Mi hijo se sentó en las escalinatas y yo junto a él. Su carita cambió cuando vio que yo compartiría con él la magia de ese payaso sin pintura. Me senté y como yo, muchos más. Adultos, niños, ancianos, jóvenes, todos atentos a la maravilla de su espectáculo. Llamaba la atención cómo el joven acomodaba sus pasos y sus movimientos al ritmo de la música, cada acorde era acompañado de una pirueta, un paso más rápido o una expresión de asombro.

No había palabras en el espectáculo, el único sonido era la música, los pasos sonoros del payaso y los aplausos de la gente. Con pocos elementos y muy simples por cierto, asombró a todo el público. Risas, aplausos, expresiones de asombro se escucharon por más de una hora.

Mi miraba se alejó un poco del espectáculo y de la sonrisa de mi hijo que tomaba mi mano como para asegurarse -tal vez- que no me alejase.

Y así comencé, por primera vez, a apreciar la verdadera magia de las ferias. La unión, la mezcla, la integración y la armonía eran su verdadero encanto.

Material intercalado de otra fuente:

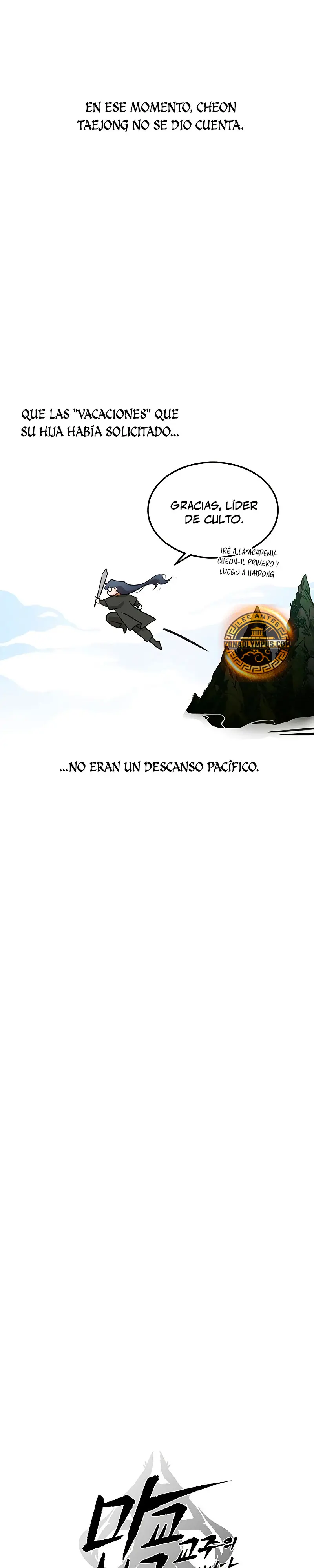 Mi esposa es la líder del culto demoníaco Capítulo 27 - Page 15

Una artesanía de exquisita fineza, nacida de manos curtidas por el trabajo. La ilusión de comprar algo bello y las ansias de vender esa pieza creada con amor, única e irrepetible.

Los sueños de crecer y vivir de ese arte y la necesidad de llevar un plato de comida al hogar. Personas de todas las edades que se maravillaban por igual ante un hermoso objeto de arte, un telar de infinitos colores o las piruetas del payaso.

Fue hermoso ver, por un momento, que todos estábamos juntos, que no había diferencias, que el abuelo se reía con el nieto, que el joven se asombraba igual que un pequeño. Darme cuenta que algo nos puede hacer reír a todos, sin importar qué nos pase o qué edad tengamos, que todos podemos caminar por esos puestos que nos ofrecen mucho más que cosas para comprar.

Que lo simple, puede combinar con lo muy trabajado, que lo rústico puede ser amigo de pieza más delicada, que lo opaco puede darse la mano con lo brilloso. Que no hay edad para reír y asombrarse, para sentarse en una escalinata a disfrutar de un rato de niñez, por grande que uno sea.

Entendí que, sin dudas, mucho más que lo que podía comprar en la feria, mi madre amaba compartir no sólo conmigo, sino con todos ese paseo lleno de magia y construido con los más diversos materiales y también por las más diversas personas.

Entendí que caminar junto a mi madre ya era mucho y reír junto a mi hijo, es mucho más todavía, sea en la feria, sea en la vida.